REVIEW: Logan's Run
Welcome to the sexy future as envisioned by filmmakers from 1976. If you're going to make a movie about the sexy future you're also going to need a sexy star. Enter Michael York as Logan. Sexy! When did the world realize Michael York was gay? For that matter, when did Michael York figure it out for himself? Well it was the swinging 70's, so we'll let that go for the moment.
It's the year 2274, and the world is not what it was; "Sometime in the 23rd century...the survivors of war, overpopulation and pollution are living in a great domed city, sealed away from the forgotten world outside. Here, in an ecologically balanced world, mankind lives only for pleasure, freed by the servo-mechanisms which provide everything. There's just one catch: life must end at thirty unless reborn in the fiery ritual of Carrousel." Fantastic!
In the future, everyone is having lots of fun, but they've also become morons. Let's start with their attire. They all dress in shades of red or green. Every single adult. Hooray, it's like Christmas 365 days a year! These costumes make the outfits from the original Star Trek series look hip. Then on their 30th birthday, they gather into an arena where they float to their deaths. It's a lot like the showers at Auschwitz only with an audience. Oh, but don't worry, you'll be reborn. Morons. The smart ones try to flee, but they are inevitably hunted down by the Sandmen. Nighty night suckers.
What's not to like about the future? Everything is provided for these people; shelter, clothing, food, drink, drugs and a sex closet. Wait a minute? A sex closet?! That's right, a sex closet. You just hit the remote and a willing partner is teleported to your chamber. Michael relaxes in his sexy black robe (Sandmen are allowed to wear black because they're special) and presses a button. First one out of the closet is a dude. Michael rejects him, but takes just a moment or two to let his eyes linger. Busted! His next choice is more to his liking, a delicious little treat named Jessica, played by Jenny Agutter. Jessica's fairly reluctant and decides to leave. Could it be because she's got something to hide and recognizes Logan as a Sandman?
Logan learns that there's an underground organization at work trying to help runners flee to Sanctuary. It's a lot like the underground railroad. Um, yeah, except for the fact that every single person in the future is white. He's got good reason to take this organization down as his own life has been fast forwarded by the servo-machine and he is forced to become a runner himself.

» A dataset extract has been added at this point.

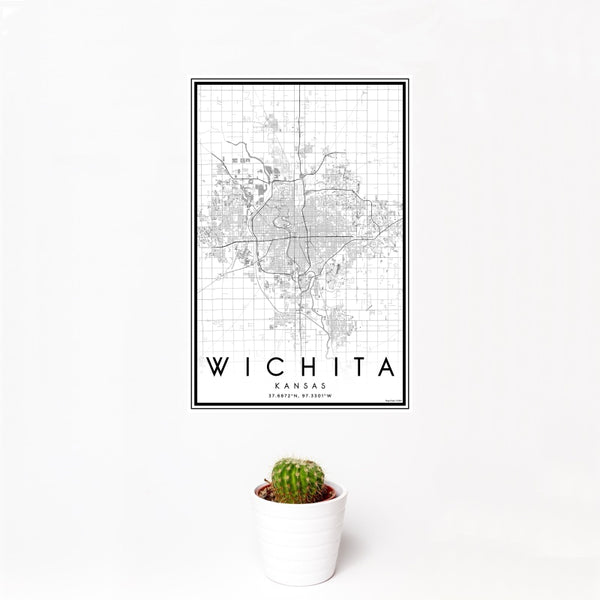 Wichita - Kansas Classic Map Print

Logan's Run is the case of a good story being let down by every element of the film. The acting is sub-par, I've already commented on the costumes, and the special effects are beyond lame. We’re only a year away from the premiere of Star Wars, so you can’t tell me there wasn’t better gadgetry in place. There's a good movie here, but this isn't it. Do look for Farrah Fawcett as Holly 13, an overgrown and falling apart D.C. (straight out of Planet of the Apes) and a climactic fight that William Shatner would be proud of. Also check out the extras at the very end of the movie. One of them holds up his hand in the Vulcan peace sign. I believe he was the only person in this movie that had enough self-awareness to know that it sucked.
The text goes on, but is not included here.